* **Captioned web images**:
:::::

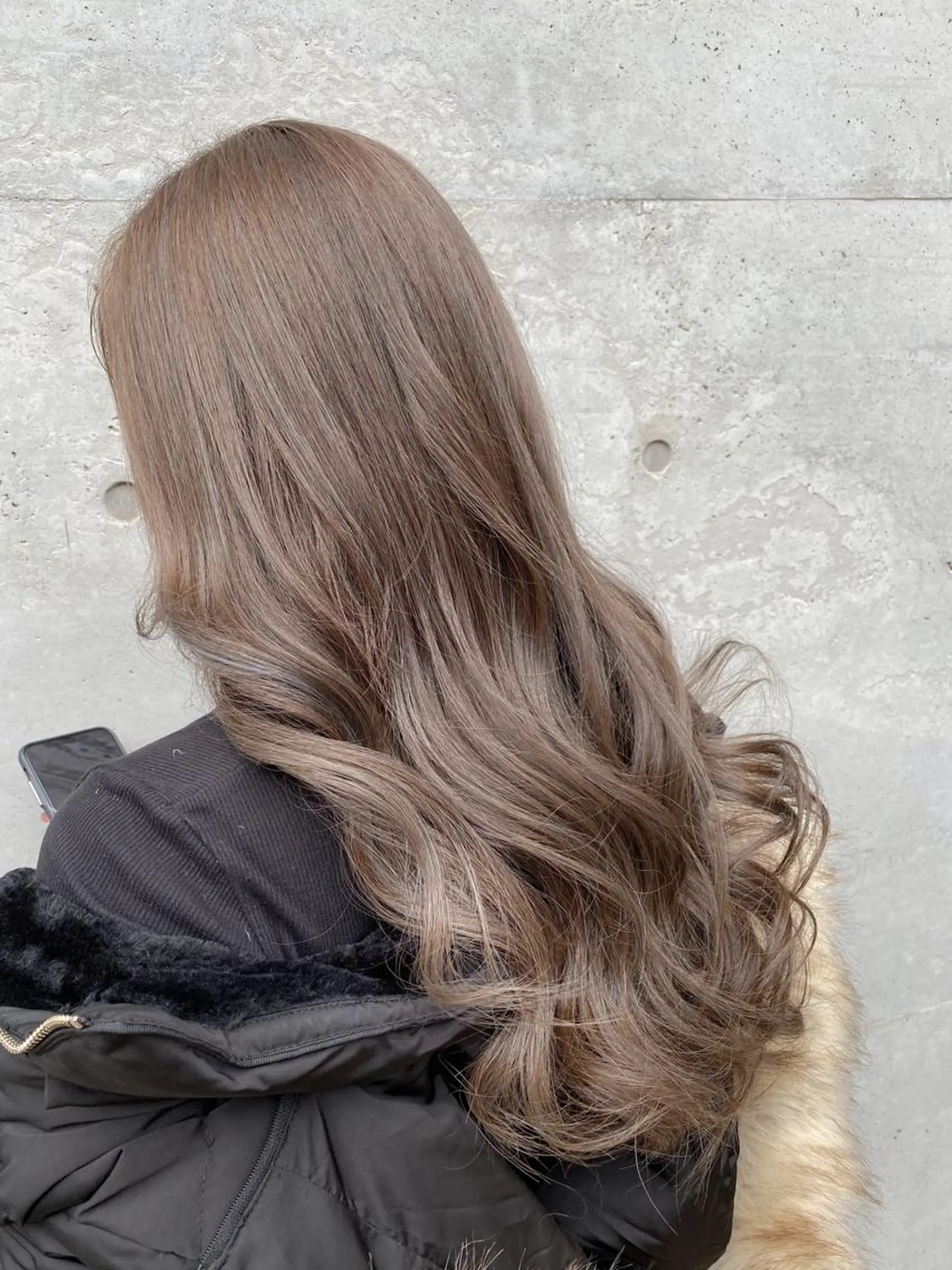 セミロング カラー アッシュ ブリーチ ケアブリーチ イルミナカラー シルバー 【透明感、艶髪】西村 有司のヘアスタイル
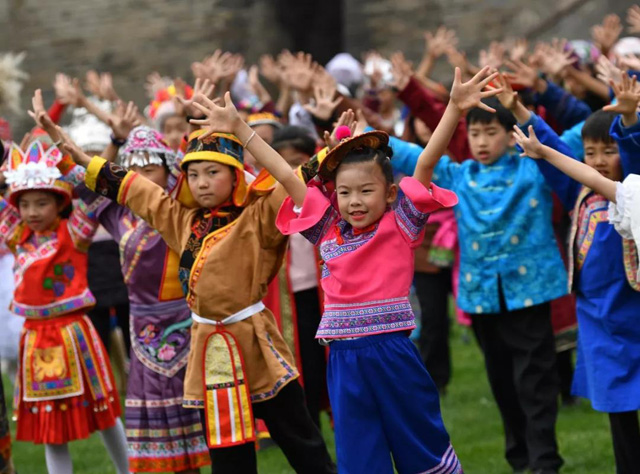 今天的告成觀星臺(tái)，一場(chǎng)火炬?zhèn)鬟f燃遍全國(guó)！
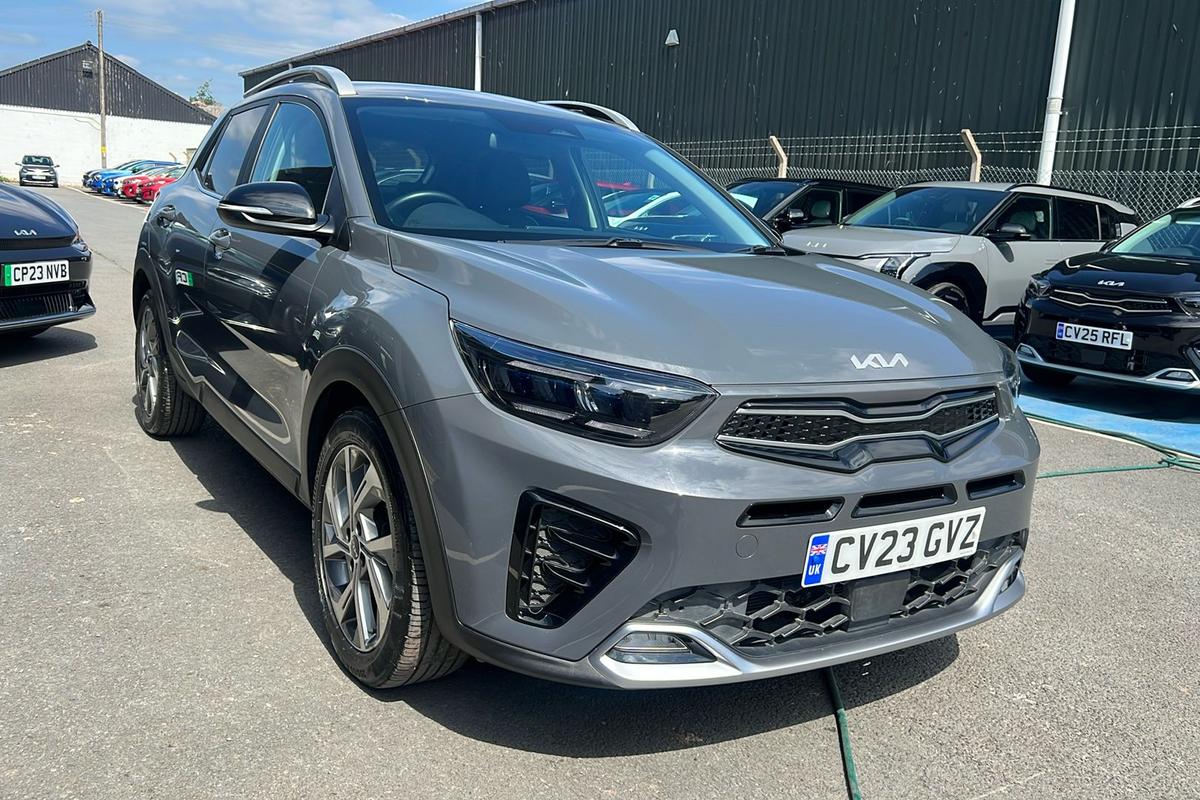 Main listing image - Kia Stonic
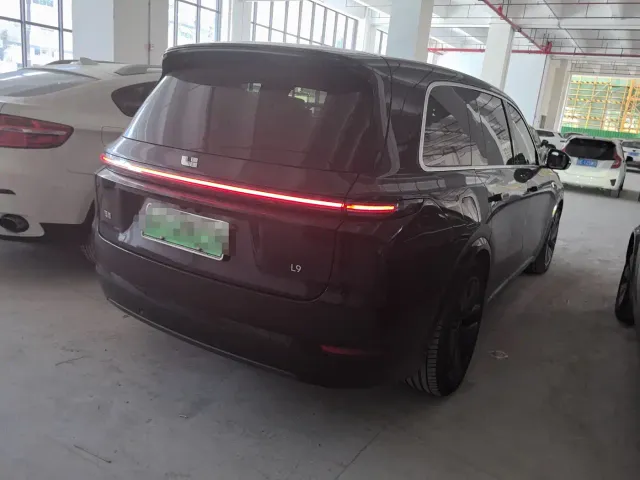 Li Auto L9 — Фото автомобиля 4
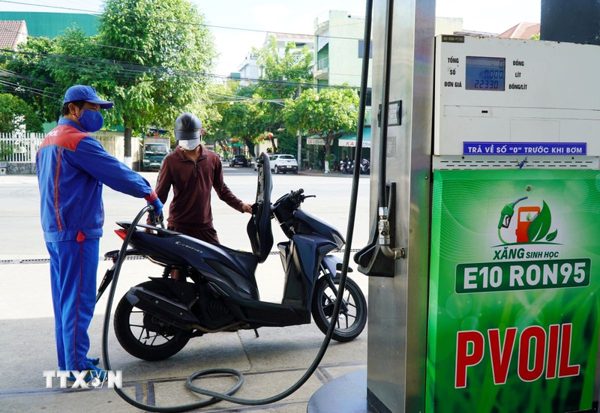 Giá xăng dầu đồng loạt điều chỉnh tăng, E10 có giá mới 27.087 đồng mỗi lít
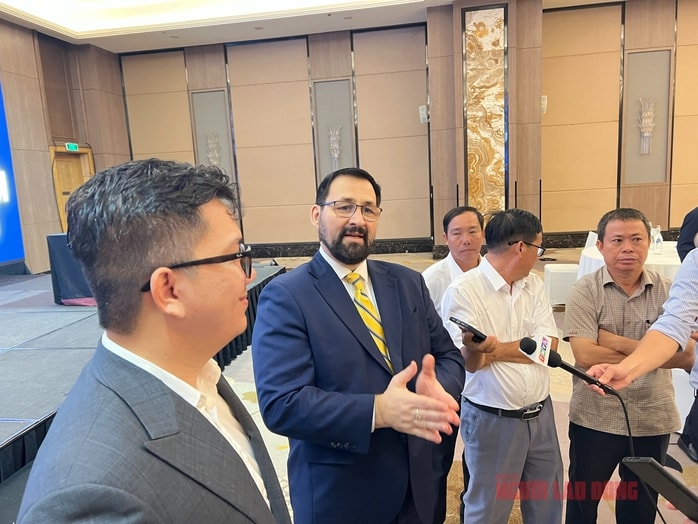 CEO The Rice Trader trao cúp cho cha đẻ gạo ST25 tại Việt Nam năm 2025 - Ảnh 1.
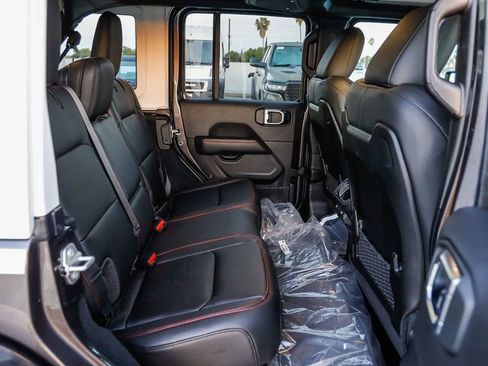 New 2026 Jeep Wrangler Unlimited Rubicon w/ Whitecap Package image 19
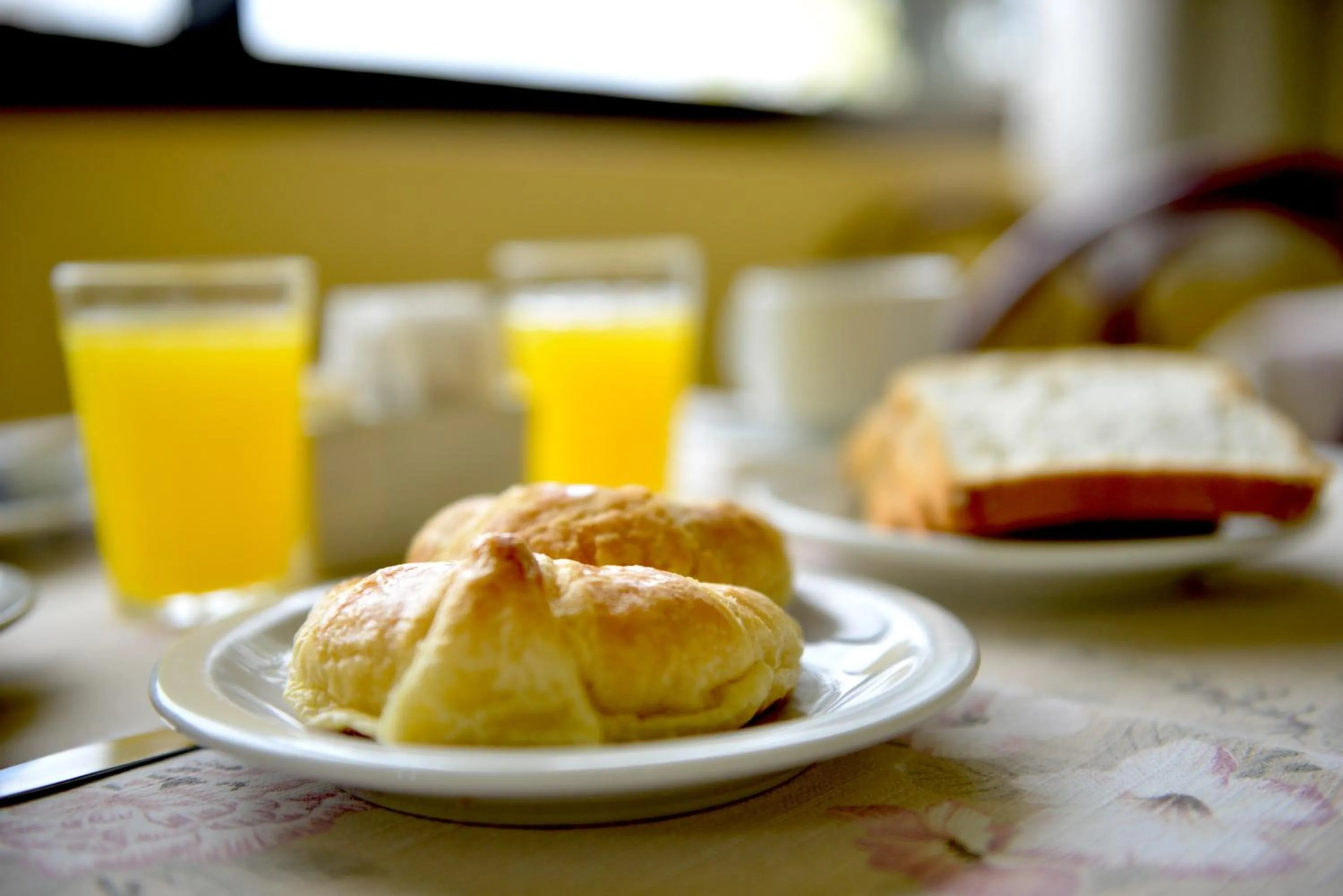 Food and drinks in Hotel Lilian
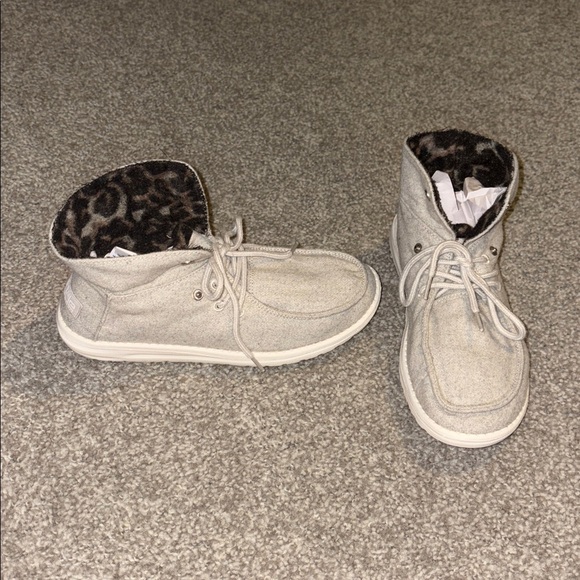 Hey Dude Ankle boots with cheetah print inner lining grey base color - Picture 3 of 7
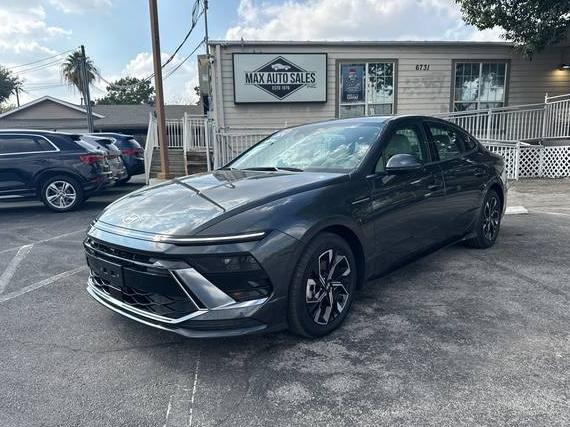 HYUNDAI SONATA 2024 KMHL64JA4RA413861 image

:::::

* **What is needed**: Each record is to be copied word for word, with no images carried over.

* **Answer space**:
 セミロング カラー アッシュ ブリーチ ケアブリーチ イルミナカラー シルバー 【透明感、艶髪】西村 有司のヘアスタイル
 今天的告成觀星臺(tái)，一場(chǎng)火炬?zhèn)鬟f燃遍全國(guó)！
 Main listing image - Kia Stonic
 Li Auto L9 — Фото автомобиля 4
 Giá xăng dầu đồng loạt điều chỉnh tăng, E10 có giá mới 27.087 đồng mỗi lít
 CEO The Rice Trader trao cúp cho cha đẻ gạo ST25 tại Việt Nam năm 2025 - Ảnh 1.
 New 2026 Jeep Wrangler Unlimited Rubicon w/ Whitecap Package image 19
 Food and drinks in Hotel Lilian
 Hey Dude Ankle boots with cheetah print inner lining grey base color - Picture 3 of 7
 HYUNDAI SONATA 2024 KMHL64JA4RA413861 image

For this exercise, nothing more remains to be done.